Risk-taking dulled in the market: The ultimate result on Wall Street being a slight play out of riskier assets and into safe-haven assets. The S&P500 receded from its all-time highs to fade back towards the key-psychological level of 3000. Long-term US rates climbed as markets priced-in a marginally better outlook for US consumption. That gave a boost to the US Dollar, which drove the AUD towards the 0.7000 level once again, and pushed gold prices back to the $US1400 mark. The lead sets up the Asian session for a soft-start, with SPI Futures suggesting the ASX200 ought to extend its three-days of declines and dip around 4-points at the open.
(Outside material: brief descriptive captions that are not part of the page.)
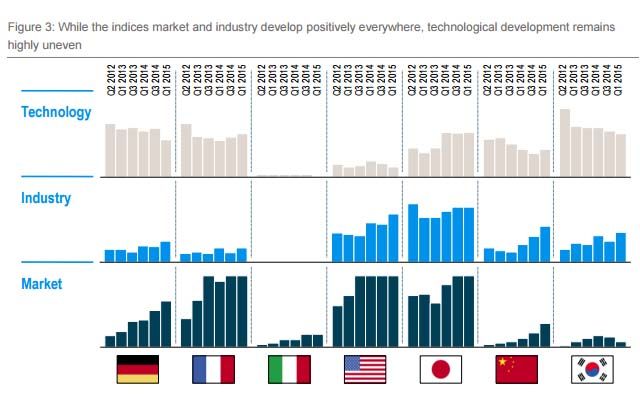 E-mobility-Index-2015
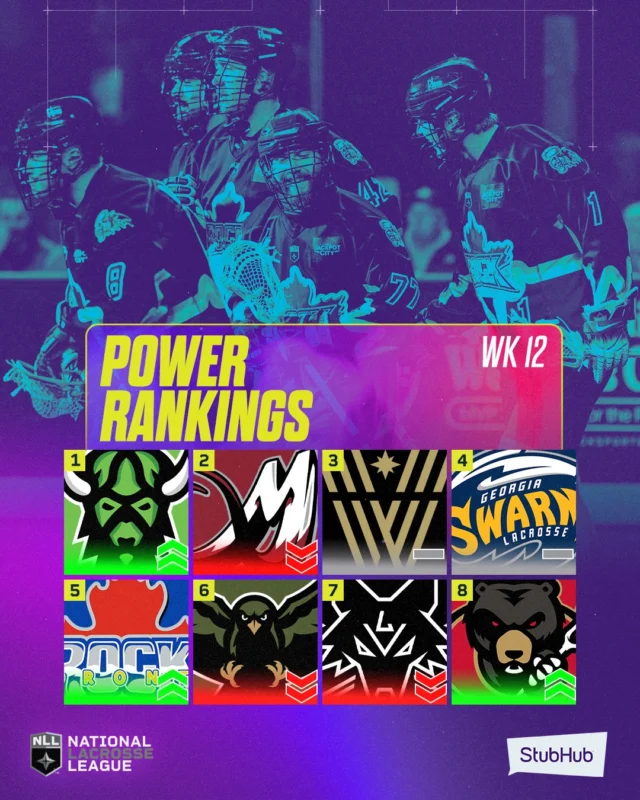 The latest hierarchy

The week 12 Power Rankings have dropped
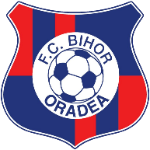 Logo FC Bihor Oradea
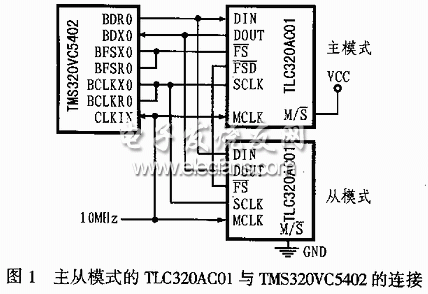 TLC320AD50C介绍及与TMS320VC5402连接分析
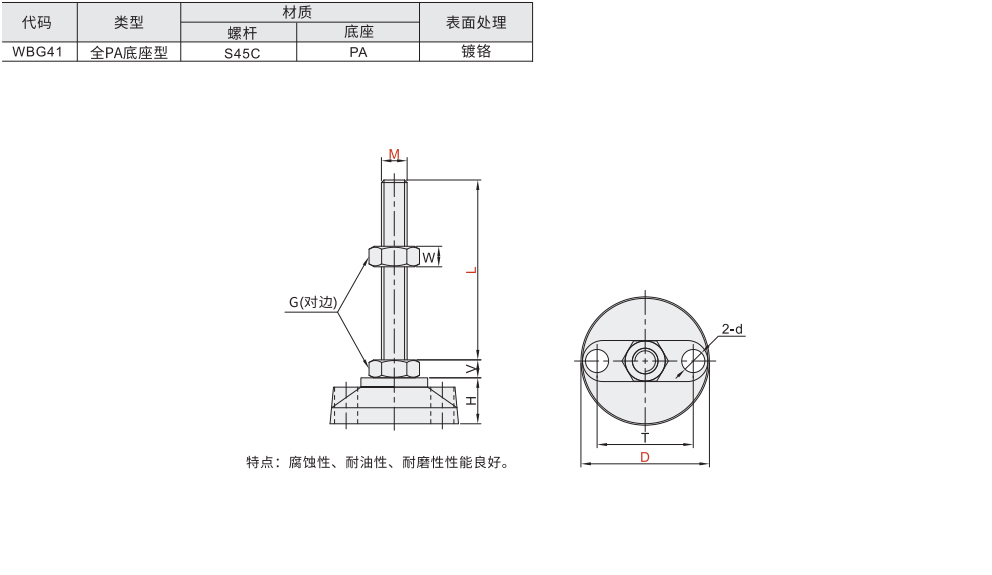 脚杯 固定型 全PA底座型材质图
ASX200 drifting lower: The ASX suffered from the same listlessness yesterday that had characterized the night prior’s trade on Wall Street. Somewhat like what was experienced last week: market participants remain effectively still and vigilant ahead of greater event risk at the back end of the week. A play into the safety of government bonds pushed long term interest rates down, with price action in stocks reflecting the difference in income-yield dynamics. The utilities sector climbed, while the Real Estate sector lead the sectoral map. Despite the fall in interest rates, the Australian Dollar remained well supported during the local session, primarily due to a climb in industrial commodities.


RBA confirms it’s on standby: The minutes from the RBA’s most recent meeting were released during yesterday’s local session, and while they offered little disruption to market activity, they did provide insight into the current state-of-mind of the central bank. Global growth risks, and global central bankers’ policy re-actions to them, were greatly examined; as were the current drags on households and domestic consumption. But the key takeaway was this: the RBA will continue to cut interest rates “if needed” to stimulate the Australian economy, and support the ongoing process of absorbing the stubborn “spare capacity” in the labour market that’s currently undermining the outlook for domestic growth and inflation.  


The RBA’s clear canvas: The RBA seems to expect that this will be a relatively long and slow process. Such an attitude isn’t a surprise, by any means. Monetary policy is a slow burning fuel when it comes to stimulating the economy. Even still, the moderation, cautiousness and broadness in the RBA’s language betrayed an uncertainty not just in the economic outlook, but also the potential direction for monetary policy. It reaffirms an interesting dynamic whereby the RBA is standing guard for a potential deterioration in local and global economic fundamentals, amid a lingering sense of doubt about whether policymakers across the globe can extend this business-cycle.


RBA ambiguity brings market opportunity: Market action around yesterday’s RBA Minutes reflected the ambiguity betrayed within the document. Market participants weren’t preparing for anything more; the RBA was only ever going to expound on what had already been communicated in its meeting press-release a fortnight ago. Further to that, all the benefits and impact to financial markets from the information received had all but been priced-in by this month’s actual cut. Moving forward, however, the open-endedness of the RBA’s present policy outlook raises the stakes for markets. The next cut, implied for December, could just as easily be brought-forward or deferred, setting up ample ground for volatility.


Global inflation under the microscope: The global macro-theme to keep an eye on in the day ahead is inflation data. A skerrick of it was released yesterday, after New Zealand inflation CPI met expectations, but re-affirmed the need for rate cuts from the RBNZ. It’ll be Canada and the UK’s turn this evening, with each of those economy’s rate outlook in focus. Inflation for both countries is expected to be sluggish – following the disinflation trend brought about by a slowing global economy. If the data inflation misses today, it adds the Bank of England and Bank of Canada to the list of central banks that may need to ease rates soon.